Authorgraph Advice to Authors

The "Grouponification" of Reading

May 6, 2013 - Seattle

Authors are becoming increasingly dependent on deep discounting of their books in order to attract new readers. There is a corresponding proliferation of websites and services which claim to provide massive exposure to new readers as long as authors reduce the price of their books by 50% or more. This strategy is very much like the one employed by restaurants and other businesses that offer "Groupons" to encourage new customers to try their products or services. Promotions of this kind may result in a short-term increase in sales but they may not be in the best long-term interest of businesses (authors).

The discounting strategy is designed to work in the following way. An author slashes the price of one of her books and uses a service to promote her book to an audience of price-sensitive readers. Some of those readers take a chance on the book and become hooked on the characters and/or story.
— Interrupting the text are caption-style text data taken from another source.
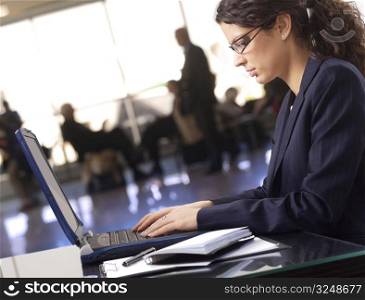 Businesswoman works on laptop in the lobby.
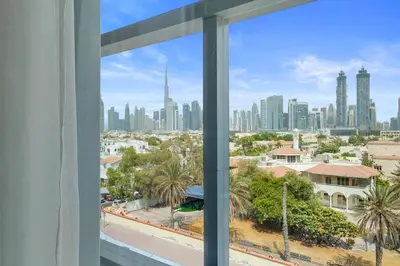 a view from a window of a city skyline at Stunning 1BR Canal Front Residence near Downtown in Dubai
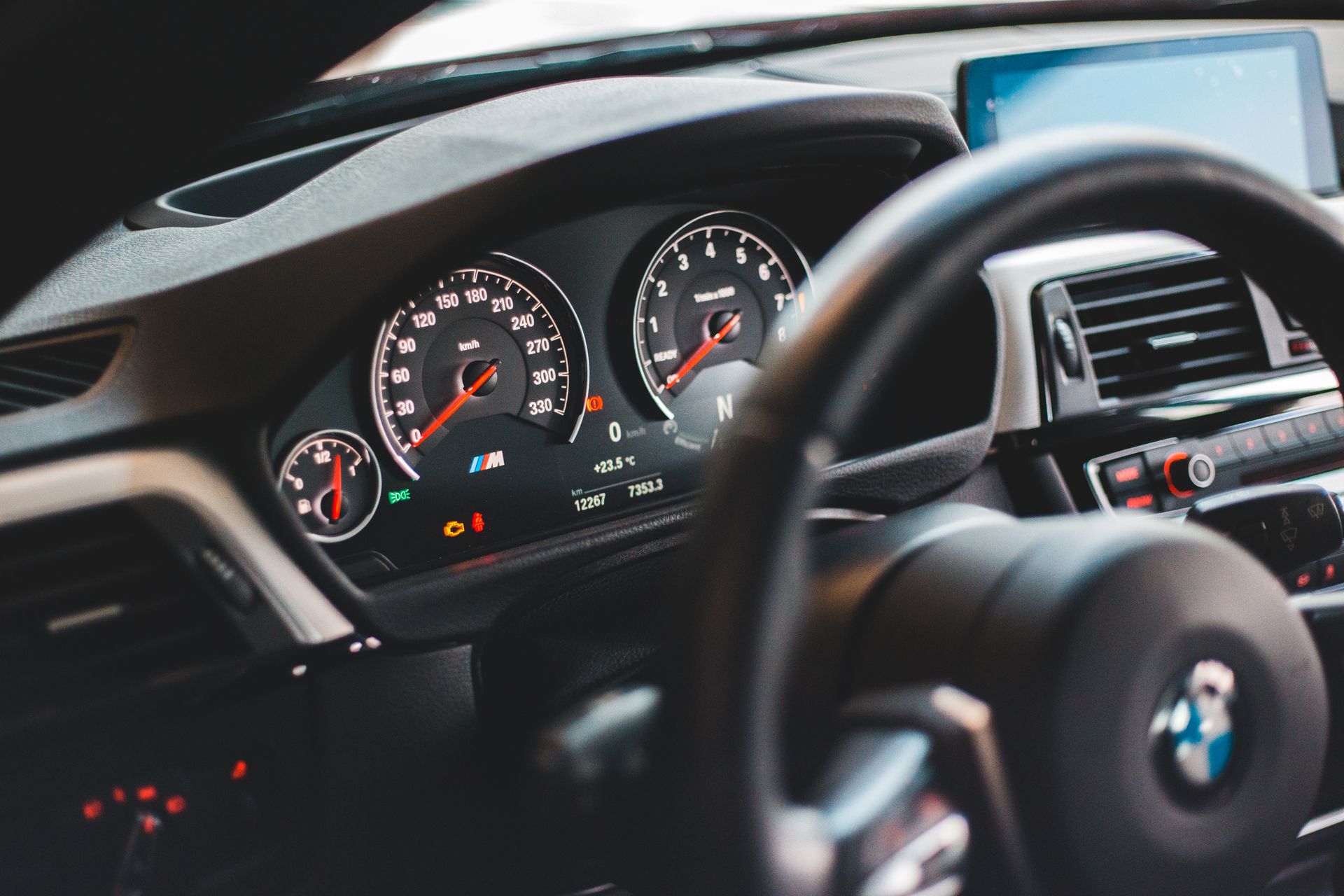 Close-up view of a luxury car dashboard showcasing modern design and digital displays.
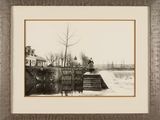 a black and white photo of a man riding a skateboard over a bridge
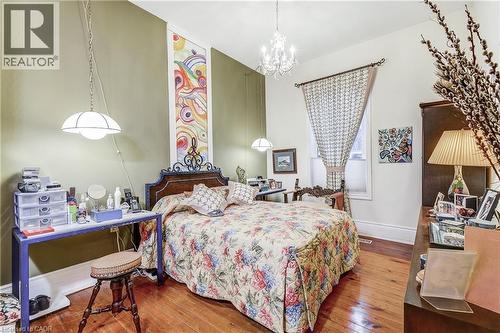 Bedroom with wood-type flooring and suspended lighting - 315 Aberdeen Avenue, Hamilton, ON - Indoor Photo Showing Bedroom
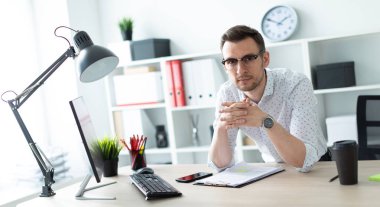 Ofiste bir tabloda yakınındaki bir genç adam gözlük standları.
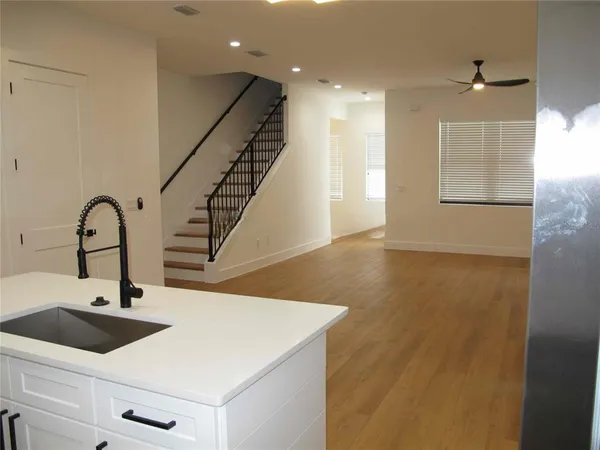 a kitchen with kitchen island a sink and wooden floor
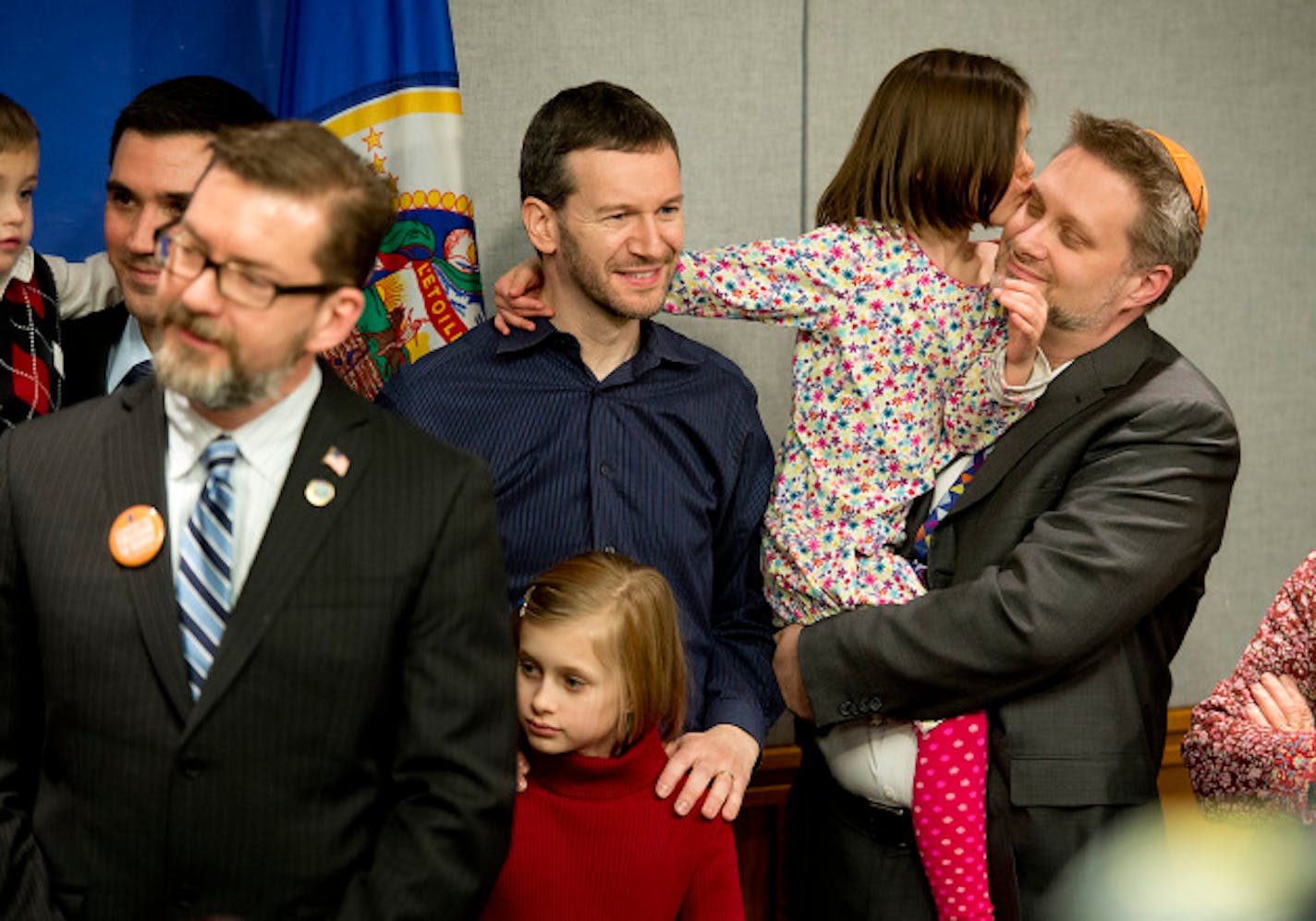 Rabbi Michael Latz got a kiss from his daughter after speaking at the press conference.  He was there with husband Michael Simon, center.  Surrounded by same-sex couples and their children, Senator Scott Dibble and Rep. Karen Clark introduced their bill to legalize same-sex marriages in Minnesota. Wednesday, February 27, 2013.    ]   GLEN STUBBE * gstubbe@startribune.com  EDS:  He Asked that childrens names or ages not be used.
These readers go on to buy the remaining books in the series or other works by the same author. In addition, these readers write positive reviews of the book and these reviews generate additional sales from readers who are influenced by the reviewers. The book moves up the sales charts which exposes the book to readers who primarily discover new books by browsing the bestseller lists. This creates a virtuous cycle in which sales beget more sales.
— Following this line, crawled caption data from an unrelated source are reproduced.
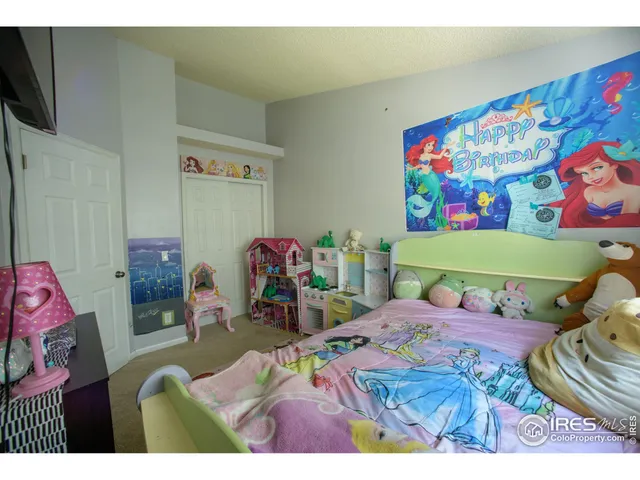 a bedroom with furniture and a wooden floor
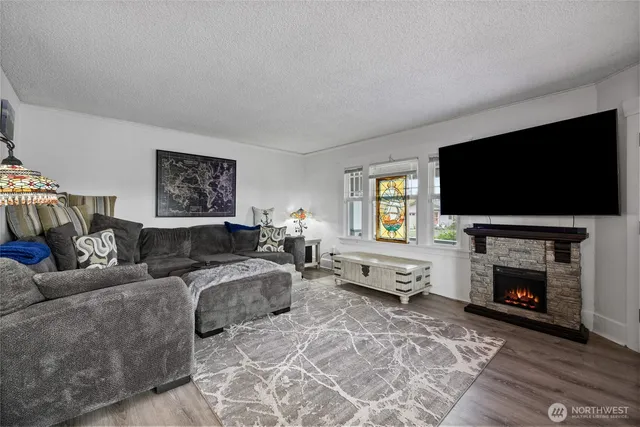 a living room with furniture a flat screen tv and a fireplace
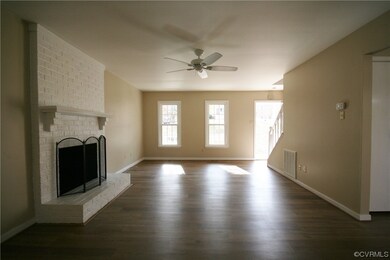 Living room with a fireplace, brick wall, ceiling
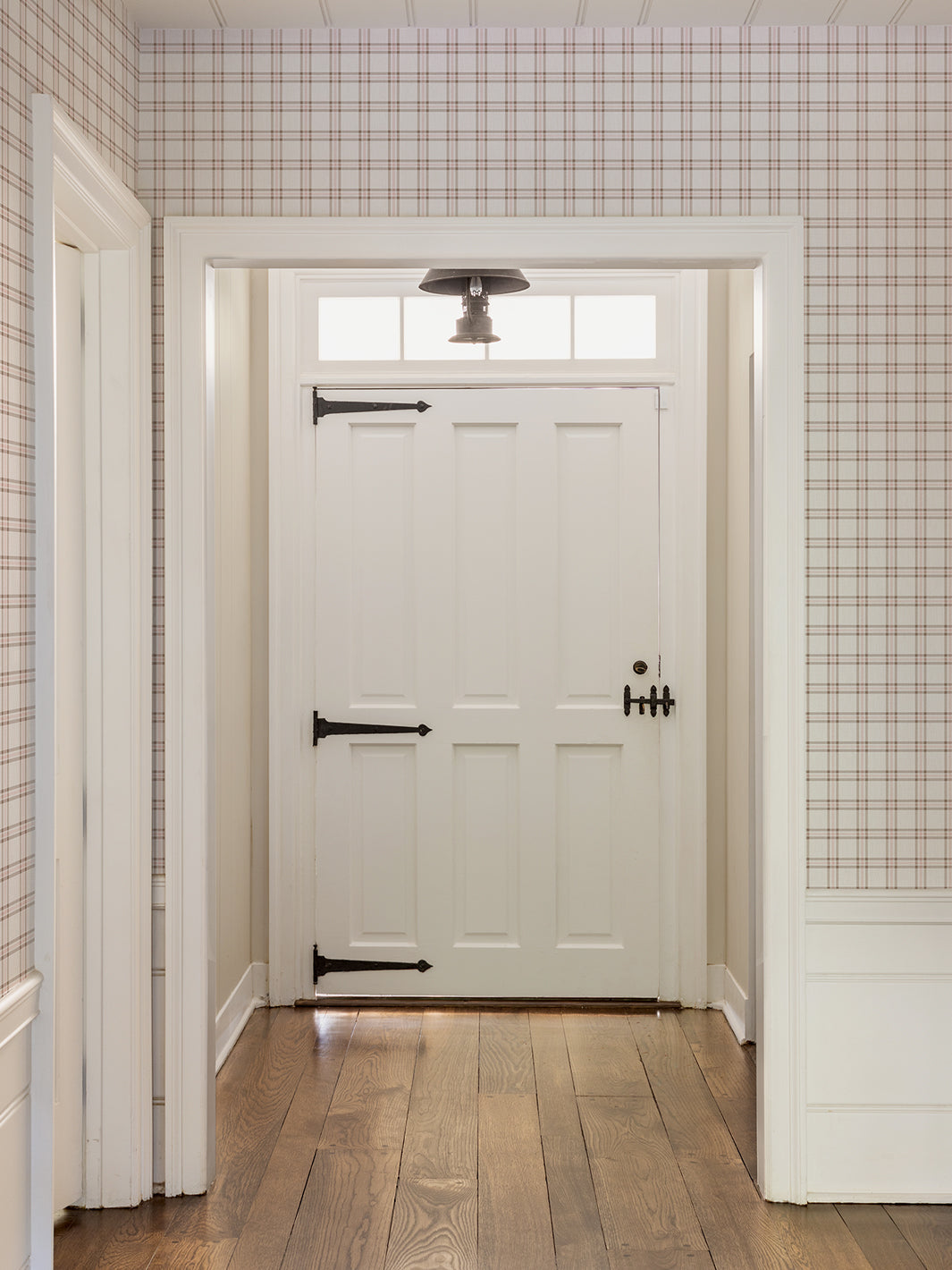 Plaid wallpaper on hallway walls with white, brown, and pink checkered pattern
To believe that the discounting strategy works, however, one has to believe that price-sensitive readers will become advocates for an author and her books. Is this a likely outcome? Are these readers willing to follow an author away from the bargains list and become long-term readers or will they simply move on to tomorrow's cheap read?

Furthermore, will an author's "natural" audience (i.e. those readers who would otherwise become lifelong readers) be discouraged from trying a new book at a low price because of the implied lack of quality?

Quality not price is the dimension on which authors should compete. Instead of deep discounting, authors should adopt a strategy of fighting for every new reader with the goal of creating an enduring relationship. This strategy takes longer to achieve but the reward is a loyal readership which is highly likely to purchase each of an author's new works at a fair price.